Figure 3.
Predicted Structural Effects of MFDM-Causing Missense Mutations
We modeled residues 114–957 of EFTUD2 on the crystal structure of S. cerevisiae ribosomal elongation factor 2 (eEF2)14 by using ModWeb, and we visualized them in PyMol.
(A) Crystal structure of eEF2 (PDB: 1N0U) complexed with the translation inhibitor sordarin (yellow). Structural domains are highlighted.
(B) U5-116kD model based on eEF2. The modeled portion of U5-116kD has high identity (37%) with eEF2; ModWeb scores this model as “reliable” (GA341 score is 1.00).

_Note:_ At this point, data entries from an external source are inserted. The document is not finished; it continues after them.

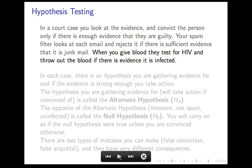A little bit different is what happens when you donate blood. They test your blood for HIV and they will throw out the blood if there's evidence that it's infected. But if they're not sure, they will still throw out the blood. They would only keep it if there's a compelling case that it is not infected.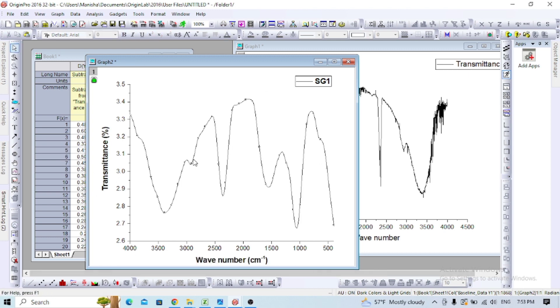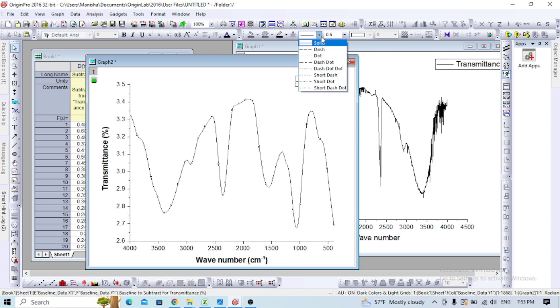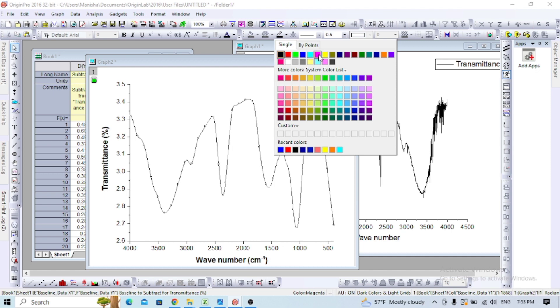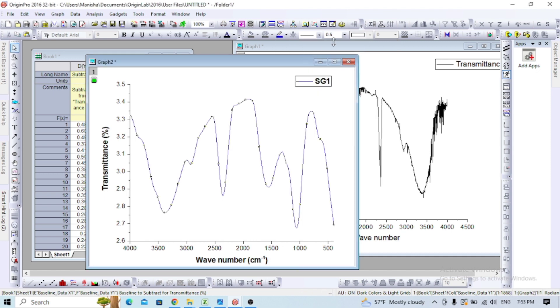You can change the color of the line as you prefer, along with the line width.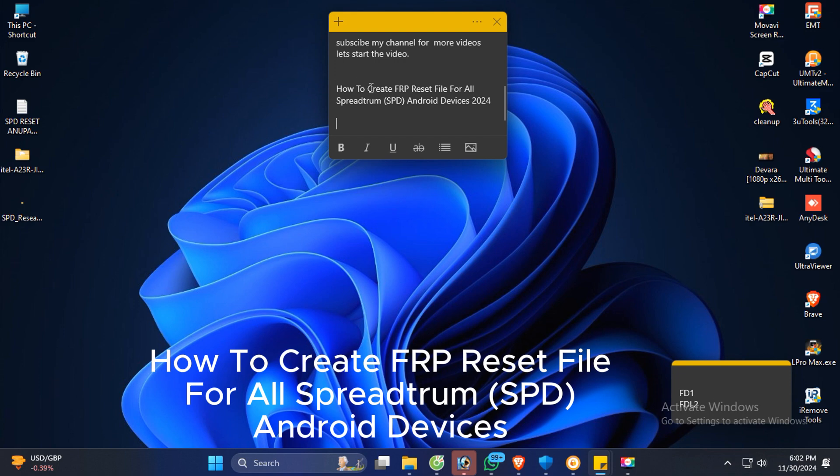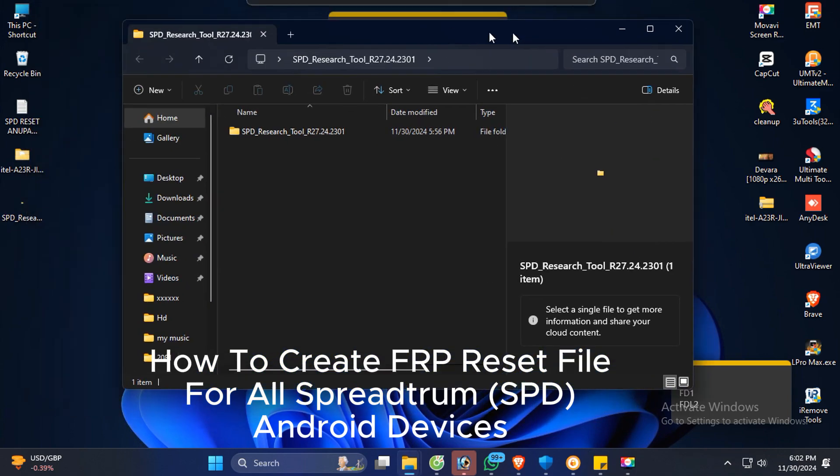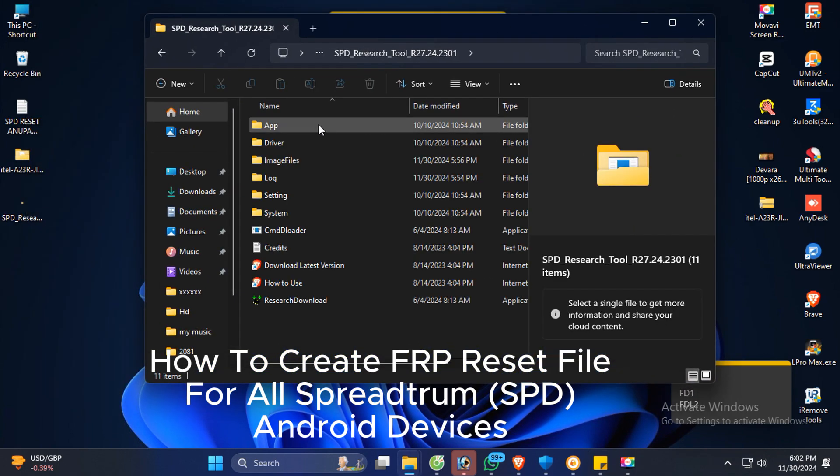Open SPE Research Tool. If you need a link, I'll post it in my description box.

(C) Locations of amino acid substitutions p.Arg262Trp, p.Cys476Arg, and p.Leu637Arg.
(D) Arg262 (red) is predicted to occupy surface of GTP binding site. Also highlighted are additional surface-facing residues of G1 (green), G4 (yellow), and G5 (orange) motifs.
(E) Arg262Trp alteration in individual 2 is predicted to alter GTP-binding surface topology.

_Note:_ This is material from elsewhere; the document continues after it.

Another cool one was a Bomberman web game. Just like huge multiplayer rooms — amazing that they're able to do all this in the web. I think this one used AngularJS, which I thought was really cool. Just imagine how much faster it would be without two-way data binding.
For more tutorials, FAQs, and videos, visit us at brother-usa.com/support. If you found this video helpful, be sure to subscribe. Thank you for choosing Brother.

(F) Leu637 sidechain (helix II of domain III) is predicted to face inward and to form close hydrophobic contacts with Ile590 and Ile629. Leu637Arg (individual 11) is predicted to introduce a positive charge at this location.
(G) Cys476 is situated at the center of domain II's β barrel structure. p.Cys476Arg (individual 12) is predicted to introduce a positive charge at this position.
(H) Multispecies alignments of U5-116kDa illustrate sequence conservation in the vicinity of missense mutations identified in individuals with MFDM.